After students have had about two minutes to familiarize themselves with the statements on the pre-assessment I put a picture (quad_pic) of a generic quadratic function on the board. Then I ask students to work through each statement on the pre-assessment with their partner. I tell them to make comments on the side of the paper. For each statement they should either agree or disagree and then explain to their partner why they made their choice (MP3). I want students to eveentually explain their thinking in writing, but not until the next portion of the lesson.

Before letting them get to work, I remind students that my picture is of one quadratic function not all quadratic functions. Others may have a different appearance on a graph.

15 minutes

After my students have work through the pre-assessment, I give them the quadratics_intro_investigation. This resource contains picture of several different quadratic functions. I provide it as evidence that for students to consider as they gather the data they need to successfully agree or disagree with each statement on the pre-assessment.

I plan to move slowly during this portion of the lesson. I intend for my students to make meaning of each statement and then find confirming or contradictory evidence in the pictures. I want students to use repeated reasoning (MP8) to construct a robust mental image as we begin a unit on quadratic equations.
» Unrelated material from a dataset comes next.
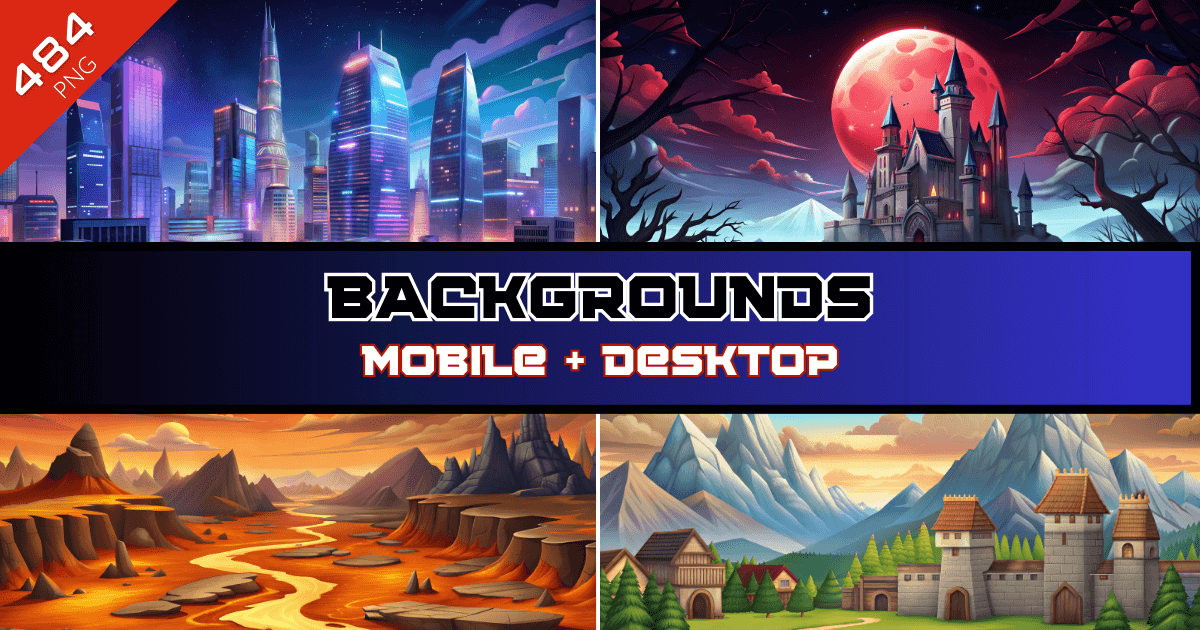484 Stylized Fantasy Backgrounds (Mobile + Desktop) | 2D Environments ...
After a suitable amount of time for exploration and partner work, I will bring the class back together to discuss their solutions. I plan to ask several students to provide evidence of their thinking, and to explain their thinking (**MP3**). As we discuss, I make sure to have the correct pictures displayed, so that students can easily refer to them when providing their evidence.

5 minutes

This portion of the lesson will be very brief and will serve as an introduction to some essential vocabulary. On the first graph of the investigation (quadratics_intro_investigation.pdf). We are going to refer back to the following statements:

**1) This graph crosses the x-axis.**

- For this statement, explain to students that we are going to call the x-intercepts of a quadratic function (or any function) "zeros" or "roots". Have students circle the x-intercepts and label them with these two terms as well as the coordinates of each point.

**2) This graph has a turning point.**

-For this statement, explain to students that the turning point of a quadratic function is also called a "vertex." Have students circle this point and label it as well as writing the coordinates. You can also bring up the fact that a vertex can be a maximum or minimum point (highest or lowest point on the graph). In this example, the vertex is a minimum point.

**3) This graph has a line of symmetry.**

-For this statement, explain to students that for each quadratic function, a vertical line can be drawn through the vertex. This line is called the "axis of symmetry." Have students draw a dotted line that passes through the vertex. They should label the line and write the equation for the line.

10 minutes

For the ticket out of this lesson, I ask my students to follow up on my presentation of vocabulary using Question #1. I ask the students to identify the following attributes of the other five graphs on the quadratics_intro worksheet:

- Roots/Zeros
- Vertex/Turning Point
- Axis of symmetry

I will encourage my students to label each vocabulary term as well as the coordinates (or equation). Since students have already seen through the investigation that not every quadratic function will cross the x-axis, they should have no roots for graph #5. This exit ticket can be collected as a formative assessment of the day's learning.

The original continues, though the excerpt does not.